[[ Supplied records open ]]
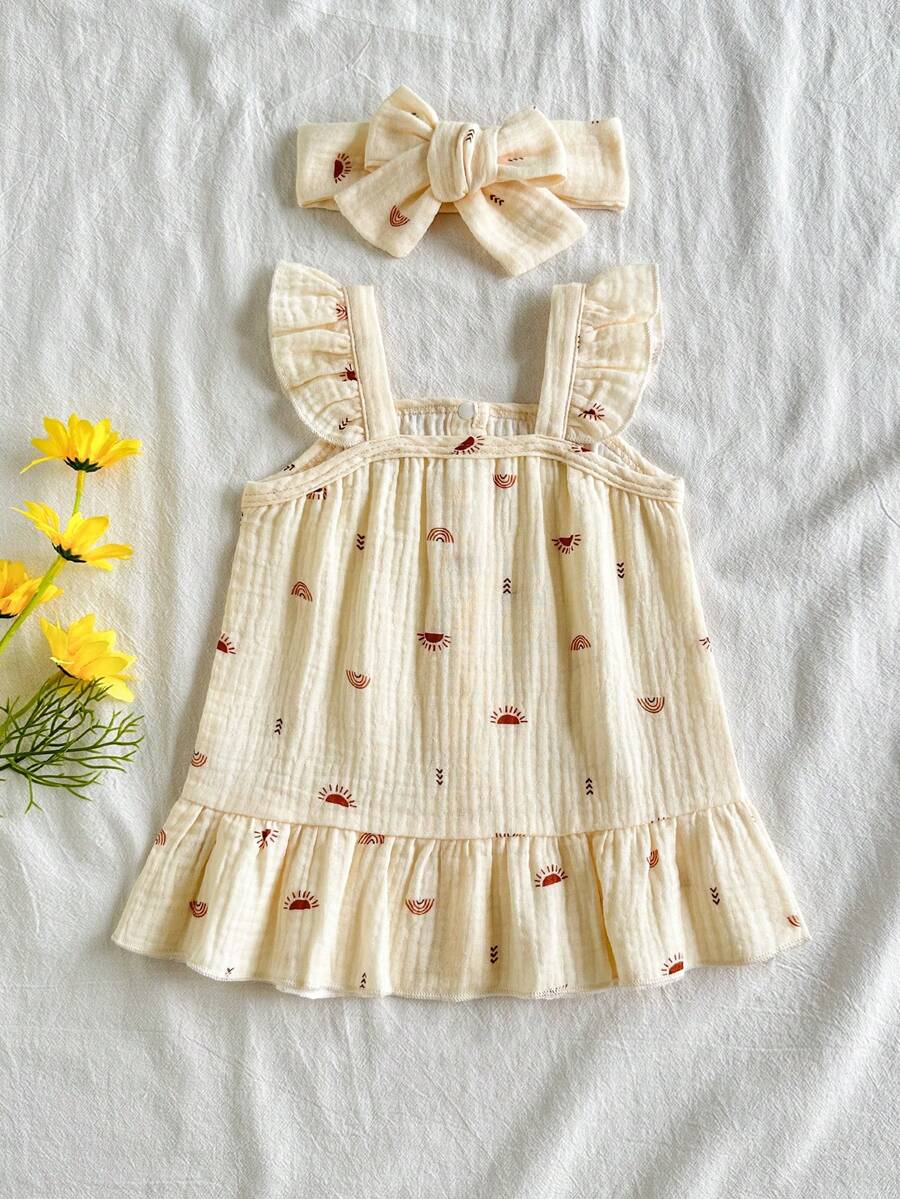 Newborn Girl Casual Chic Dress - Sleeveless Summer Vintage Style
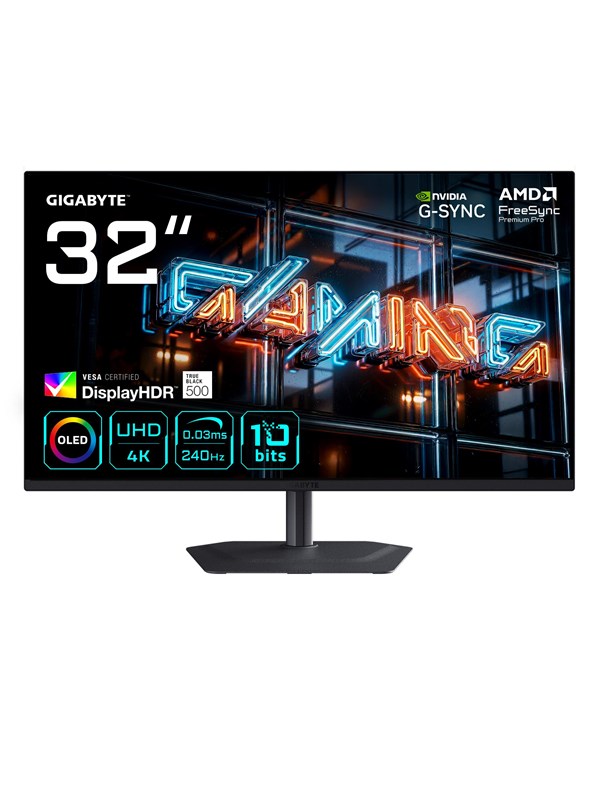 GIGABYTE MO32U24 - 4K UHD QD-OLED Gaming Monitor - 240Hz - 32 Inch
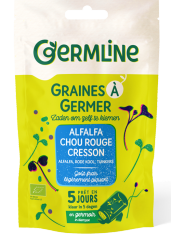 Mélange de graines d'alfalfa, de cresson et de chou rouge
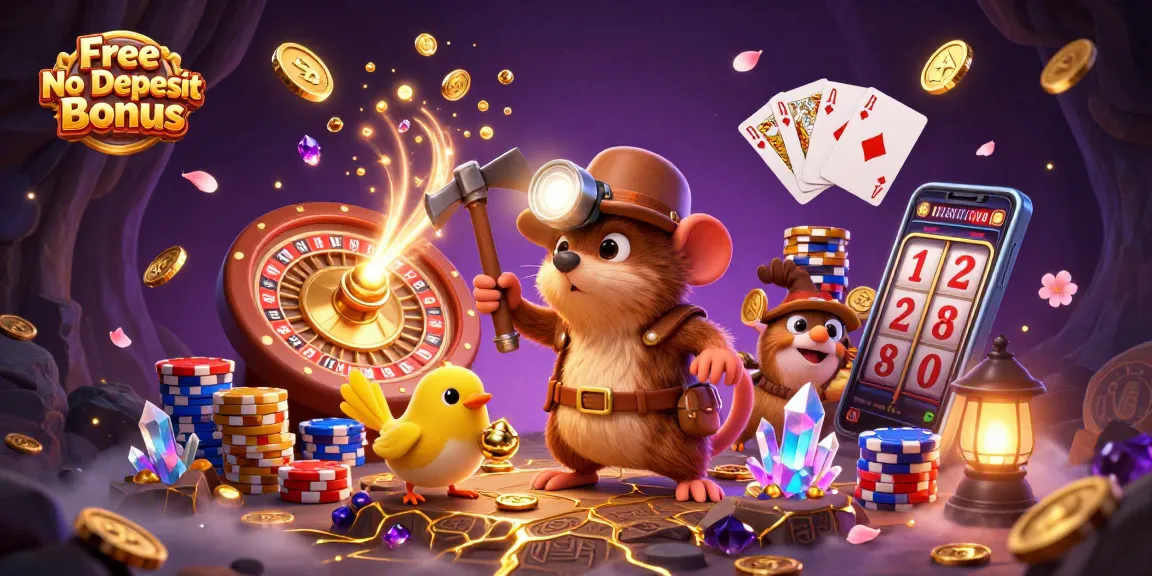 Delve into the excitement of a Free No Deposit Bonus with treasure-hunting characters and vibrant casino elements.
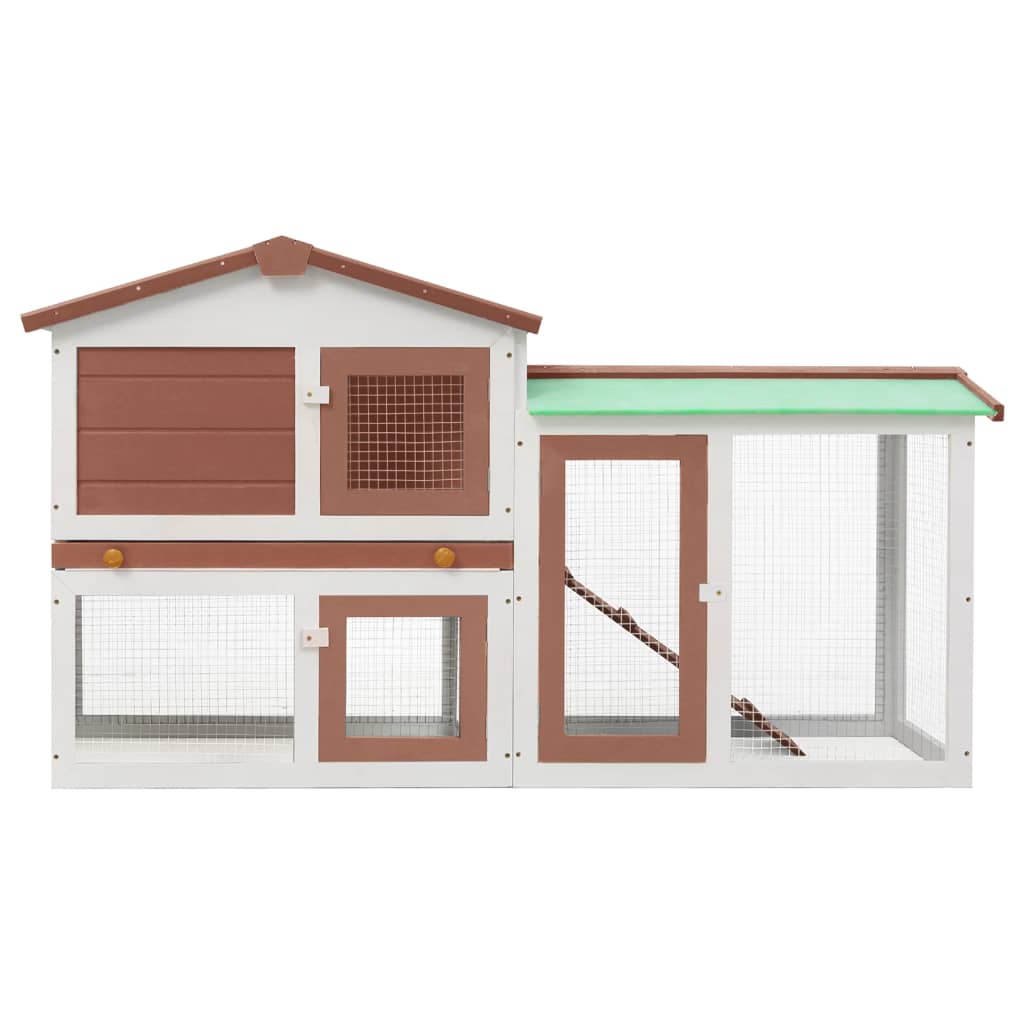 vidaXL Rabbit Hutch Bunny Cage with Pull Out Tray and Ramp Solid Pine Wood-3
[[ Supplied records closed ]]
What to do: An exact copy of the entries above is needed, with the pictures removed.

Reply to the exercise:
 Newborn Girl Casual Chic Dress - Sleeveless Summer Vintage Style
 GIGABYTE MO32U24 - 4K UHD QD-OLED Gaming Monitor - 240Hz - 32 Inch
 Mélange de graines d'alfalfa, de cresson et de chou rouge
 Delve into the excitement of a Free No Deposit Bonus with treasure-hunting characters and vibrant casino elements.
 vidaXL Rabbit Hutch Bunny Cage with Pull Out Tray and Ramp Solid Pine Wood-3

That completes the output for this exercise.